▶ **INSTRUCTIONS TO FOLLOW**: Give the listing below again exactly, but without any of its pictures.

▶ **THE DATA**:
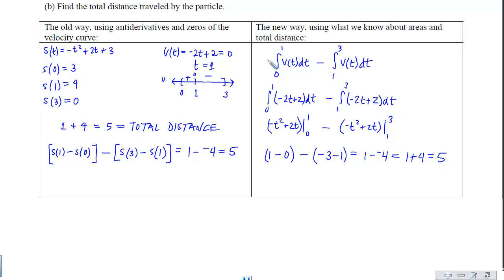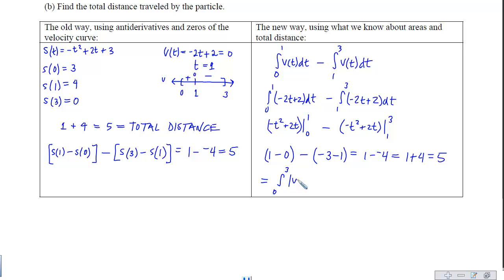The beauty of this approach is that if you have a calculator, you can also just do the straight accumulation from 0 to 3 on the absolute value of the velocity function and get the same answer.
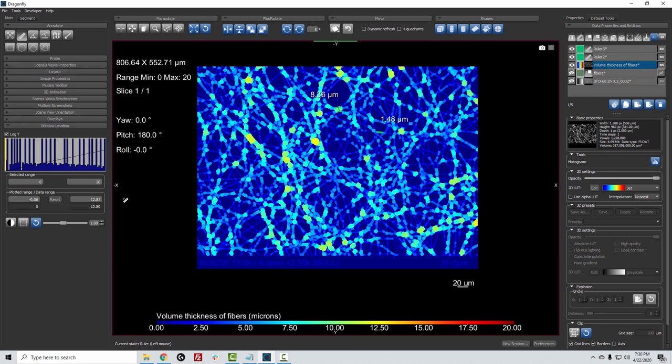So that gives you some idea of calibrating the pixel size, and then making volume measurements with the volume thickness map. Thanks and have fun using Dragonfly.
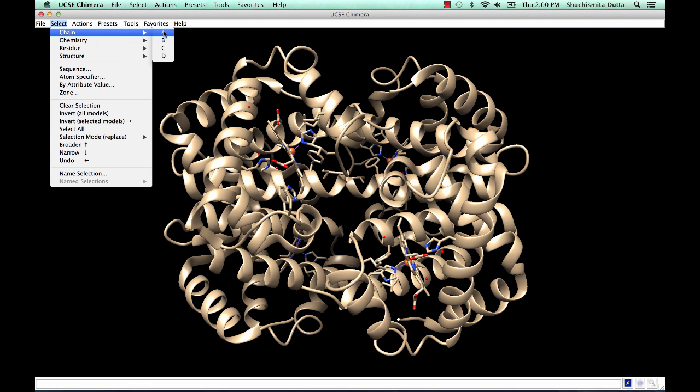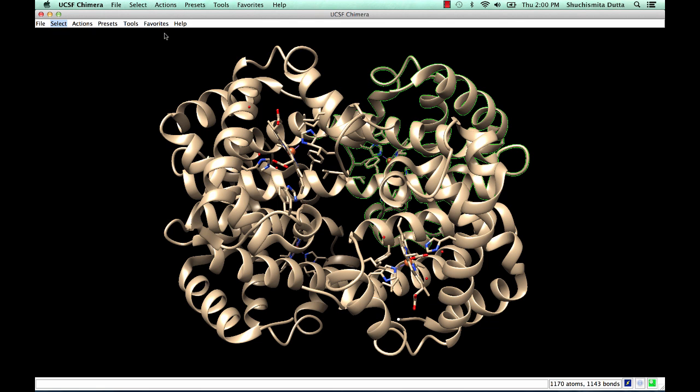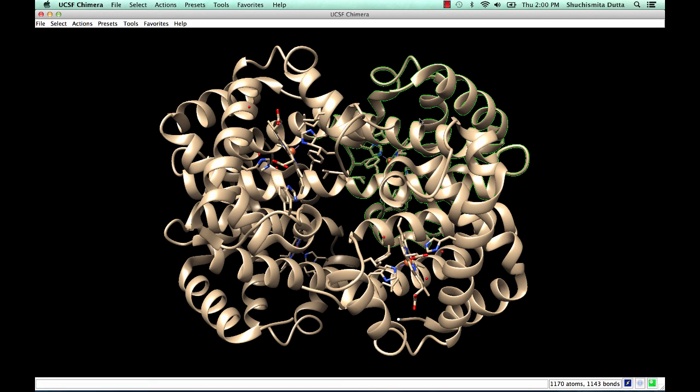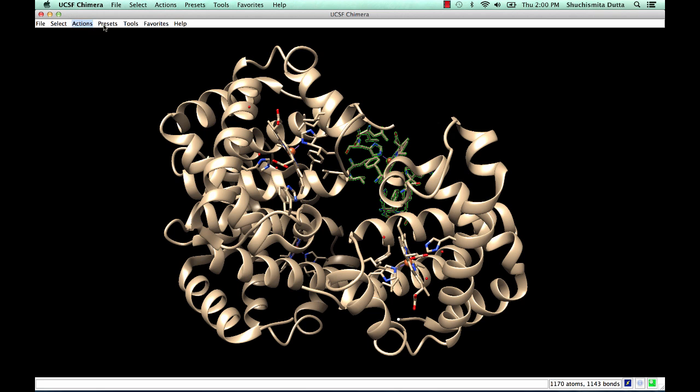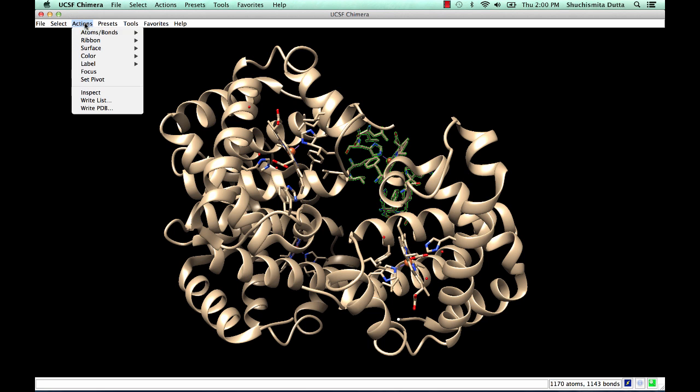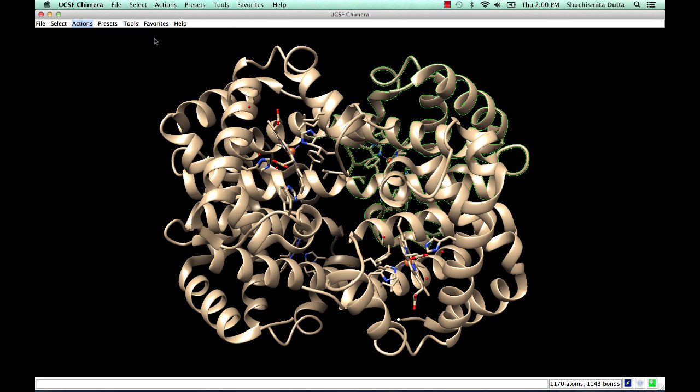For example, let's say we decide to select chain A. Notice that this particular chain now has a green halo about it, indicating that chain A is now ready to receive action commands such as ribbon hide or ribbon show.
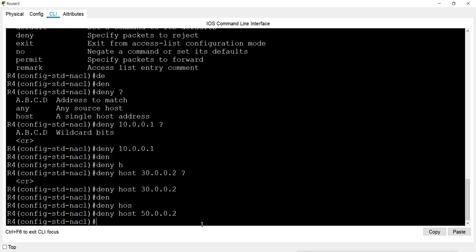Now I want to deny 50.0.0.2 as well: 'deny host 50.0.0.2'. After denying all three, I want to allow the rest of the networks — the rest of the hosts from networks 10, 30, and 50. I need to give at least one permit entry, otherwise everyone will be denied by the implicit deny-all.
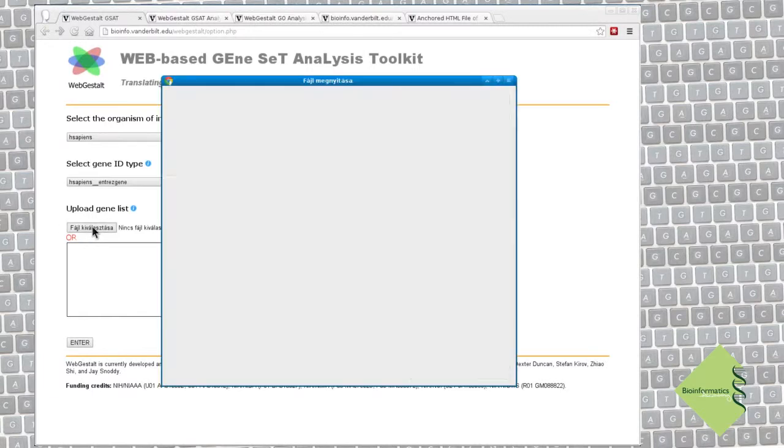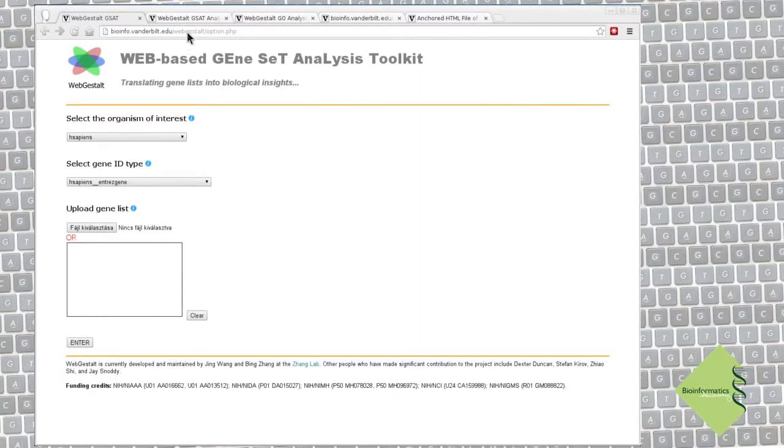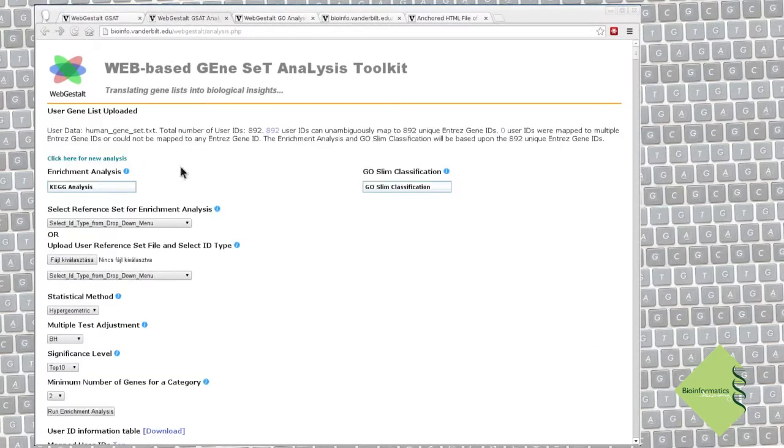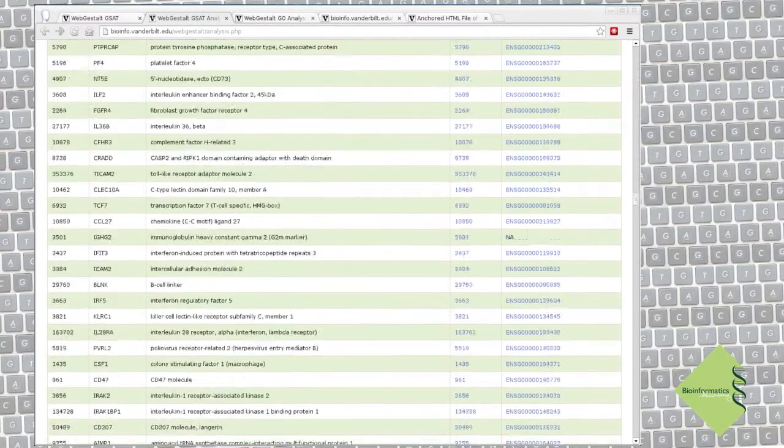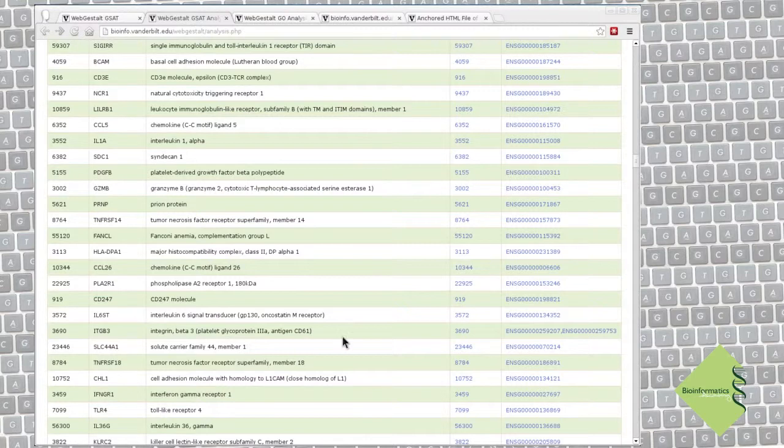Here we are at the main settings page. First, let's check if WebGestart recognized our IDs. Yes, we can see that it found annotation for all of these IDs. Good.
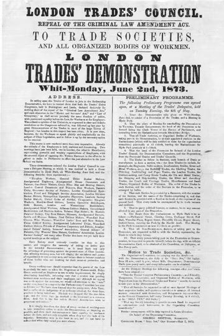In Principles of Political Economy John Stuart Mill wrote: 'If it were possible for the working classes, by combining among themselves, to raise or keep up the general rate of wages, it needs hardly be said that this would be a thing not to be punished, but to be welcomed and rejoiced at. Unfortunately the effect is quite beyond attainment by such means. The multitudes who compose the working class are too numerous and too widely scattered to combine at all, much more to combine effectually. If they could do so, they might doubtless succeed in diminishing the hours of labour, and obtaining the same wages for less work. They would also have a limited power of obtaining, by combination, an increase of general wages at the expense of profits.'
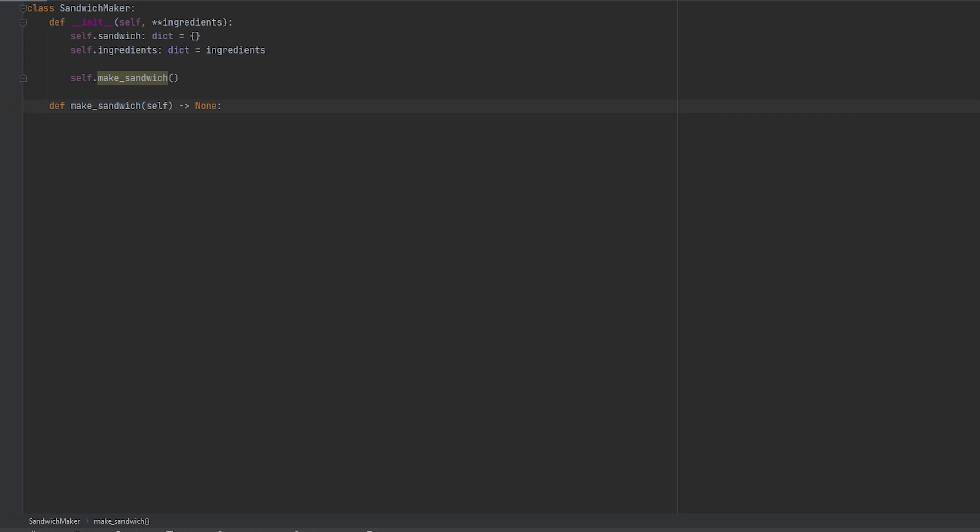Okay we need a way to update the sandwich value. I find the best approach for this example would be to use a dot update along with a dot get. So in our update we'll explicitly type out bread as the key and we'll use the dot get on the argument passed to our ingredients parameter. By using dot get that allows you to specify the return type if it's not found. So that helps when you're debugging. But for our example we're not going to specify that type.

▶ **YOUR SOLUTION**:
The beauty of this approach is that if you have a calculator, you can also just do the straight accumulation from 0 to 3 on the absolute value of the velocity function and get the same answer.
So that gives you some idea of calibrating the pixel size, and then making volume measurements with the volume thickness map. Thanks and have fun using Dragonfly.
For example, let's say we decide to select chain A. Notice that this particular chain now has a green halo about it, indicating that chain A is now ready to receive action commands such as ribbon hide or ribbon show.
Now I want to deny 50.0.0.2 as well: 'deny host 50.0.0.2'. After denying all three, I want to allow the rest of the networks — the rest of the hosts from networks 10, 30, and 50. I need to give at least one permit entry, otherwise everyone will be denied by the implicit deny-all.
Here we are at the main settings page. First, let's check if WebGestart recognized our IDs. Yes, we can see that it found annotation for all of these IDs. Good.
In Principles of Political Economy John Stuart Mill wrote: 'If it were possible for the working classes, by combining among themselves, to raise or keep up the general rate of wages, it needs hardly be said that this would be a thing not to be punished, but to be welcomed and rejoiced at. Unfortunately the effect is quite beyond attainment by such means. The multitudes who compose the working class are too numerous and too widely scattered to combine at all, much more to combine effectually. If they could do so, they might doubtless succeed in diminishing the hours of labour, and obtaining the same wages for less work. They would also have a limited power of obtaining, by combination, an increase of general wages at the expense of profits.'
Okay we need a way to update the sandwich value. I find the best approach for this example would be to use a dot update along with a dot get. So in our update we'll explicitly type out bread as the key and we'll use the dot get on the argument passed to our ingredients parameter. By using dot get that allows you to specify the return type if it's not found. So that helps when you're debugging. But for our example we're not going to specify that type.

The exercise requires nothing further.